Historically, the FAA’s decision to ground an aircraft was based on a mechanical problem for which the catastrophic consequences are clear. The recent B737 MAX 8 airworthiness determinations involve software and the assessment of whether the problem justifies grounding is a new question. The analysis is further complicated when the potential failure includes the interaction between the pilot and the computer.
It was determined that the SF50 Vision remedy involved a repair of a faulty part; so, the issue of thresholds for grounding and then reauthorizing the airplane’s software as functioning to meet safety standards was not reached.
[this picture was copied from the AEROSONIC website, but it is not clear whether this AoA is installed in the SF50.]
“The FAA has issued an emergency Airworthiness Directive (AD) on the Cirrus SF50 Vision Jet, grounding the more than 110 in-service single-engine jets for immediate replacement of the aircraft’s angle of attack (AoA) vane. According to the emergency AD issued Thursday, Cirrus reported “the aircraft’s stall warning and protection system (SWPS) or Electronic Stability & Protection (ESP) System engag[ed] when not appropriate” in three incidents since November 2018, leading to a stall warning crew alert system (CAS) message and activation of the stick shaker and/or stick pusher despite the aircraft maintaining sufficient airspeed and AoA for normal flight.
Further, the FAA said unintended activation of the SF50’s stall protection systems could result in excessive nose-down attitude and difficulty in maintaining control of the aircraft. “The noted condition presents an immediate danger to pilots and passengers of Cirrus Design Corporation Model SF50 airplanes because an uncommanded pitch down may be difficult to recover from in some flight regimes with potential [sic] fatal consequences,” according to the agency.
The emergency AD came two days after Cirrus Aircraft issued a mandatory Service Bulletin (MSB) requiring immediate AoA vane replacement with a modified part from vane manufacturer Aerosonic after originally-installed components were found with improper torquing and retention of two set screws mounting the potentiometer shaft to the AoA vane shaft.

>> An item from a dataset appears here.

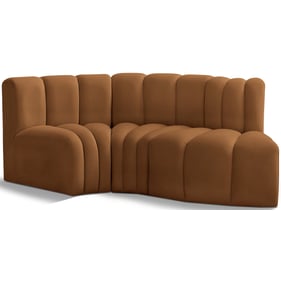 Meridian Furniture Arc Saddle Velvet 3pc Sofa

While the Cirrus MSB mandated that SF50 operators have the replacement AoA vanes installed within the next five flight hours, the emergency AD “requires such replacement before further flight,” although operators are able to obtain a special flight permit to a location where the replacement can be performed.”
Hopefully, the SF50 does not experience further issues, but careful attention to the frailties of artificial intelligence in airplane systems must be high. The decisions on the B737 MAX 8 and other similar airworthiness instances will define the parameters of when to ground an aircraft and when to resume flight in an intelligent, predictable manner.